* _What you will do_:
Starting at the line that contains "A Week of Yoga, Gastronomy", quote every line through the end of the entries, word for word, skipping the pictures.

* _Data for the task_:
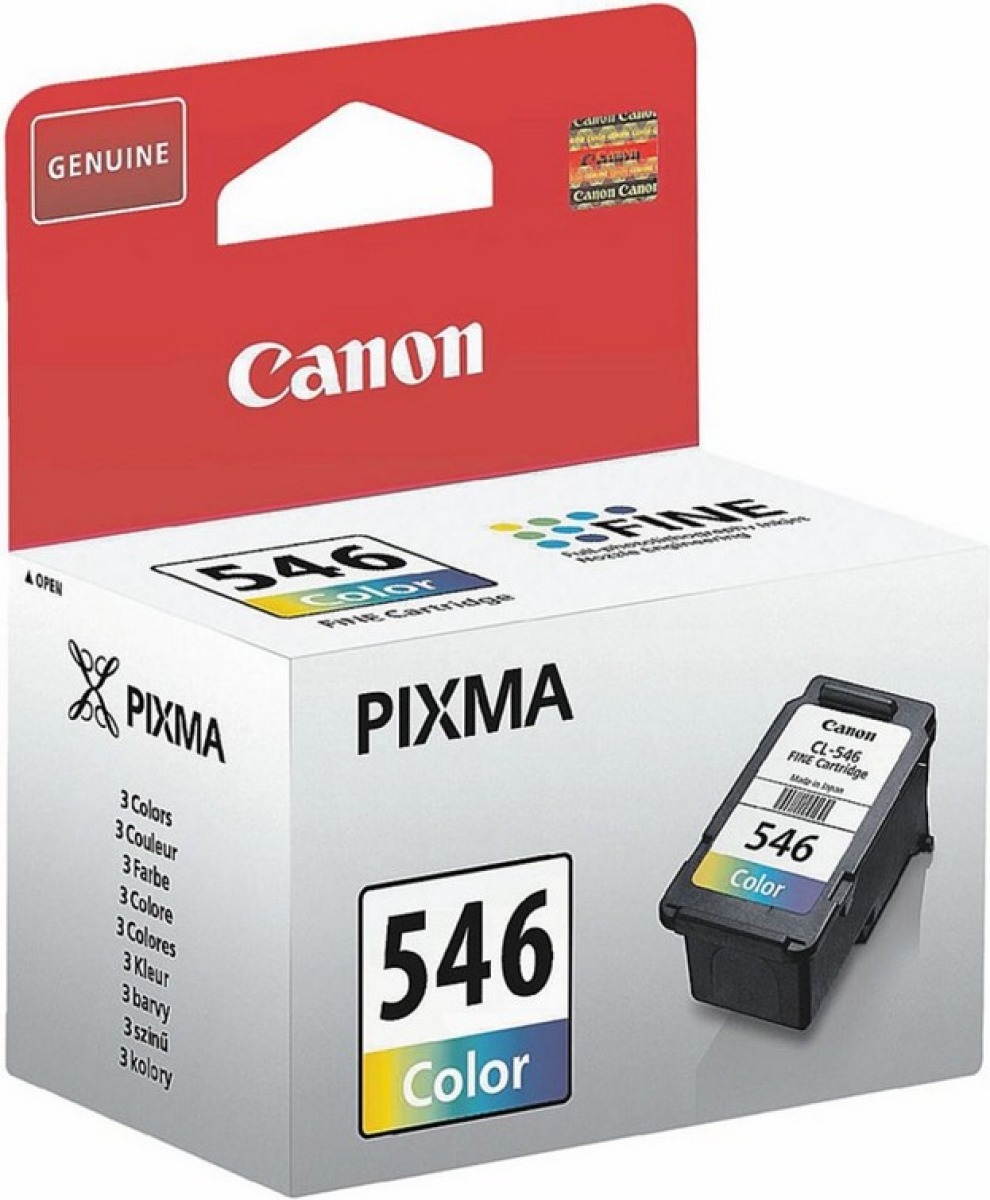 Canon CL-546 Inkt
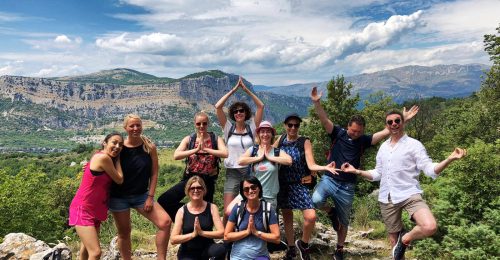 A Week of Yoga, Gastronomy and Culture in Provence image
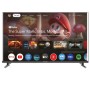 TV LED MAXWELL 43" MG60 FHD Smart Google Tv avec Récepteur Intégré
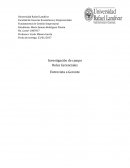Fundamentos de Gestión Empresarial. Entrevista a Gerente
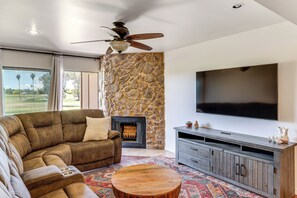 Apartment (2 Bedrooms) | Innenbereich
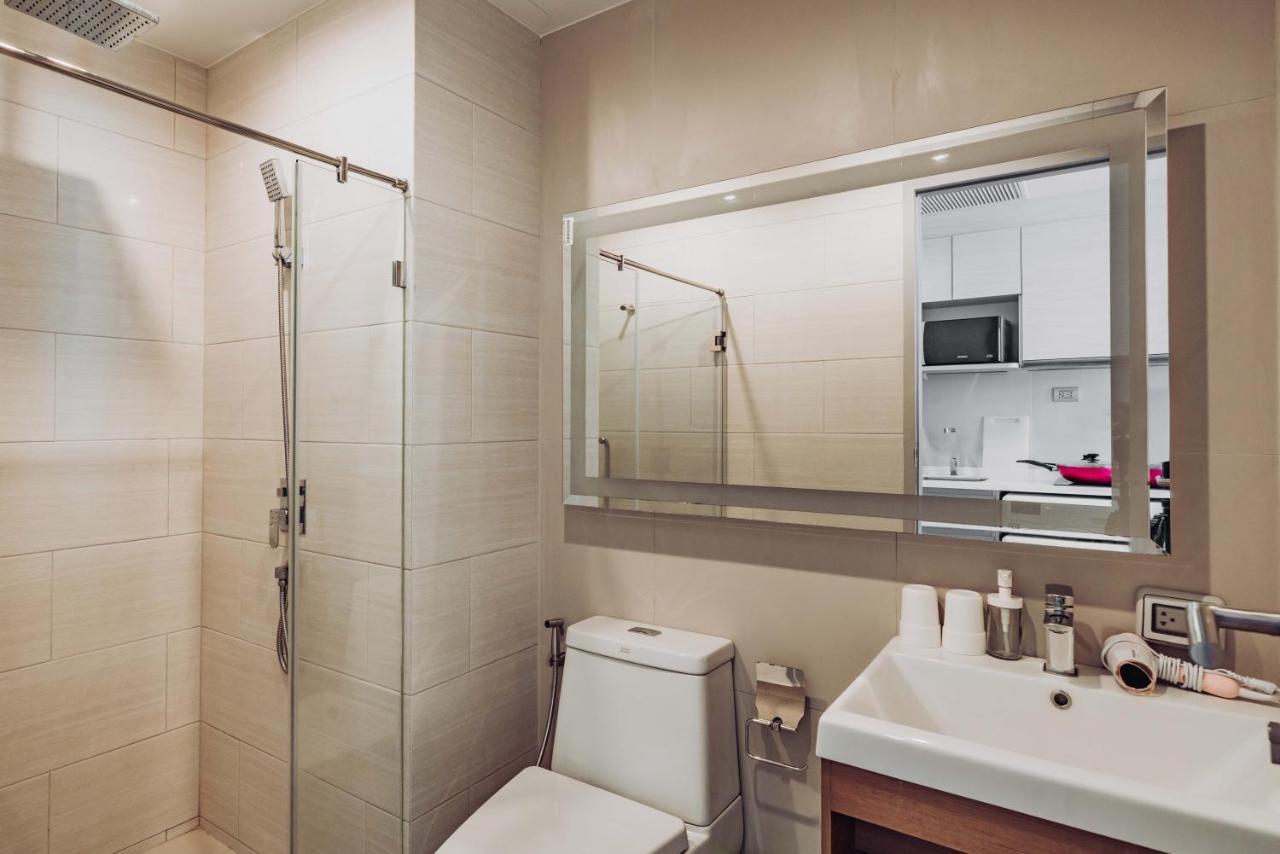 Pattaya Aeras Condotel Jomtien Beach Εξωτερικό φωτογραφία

* _Solution_:
 A Week of Yoga, Gastronomy and Culture in Provence image
 TV LED MAXWELL 43" MG60 FHD Smart Google Tv avec Récepteur Intégré
Fundamentos de Gestión Empresarial. Entrevista a Gerente
 Apartment (2 Bedrooms) | Innenbereich
 Pattaya Aeras Condotel Jomtien Beach Εξωτερικό φωτογραφία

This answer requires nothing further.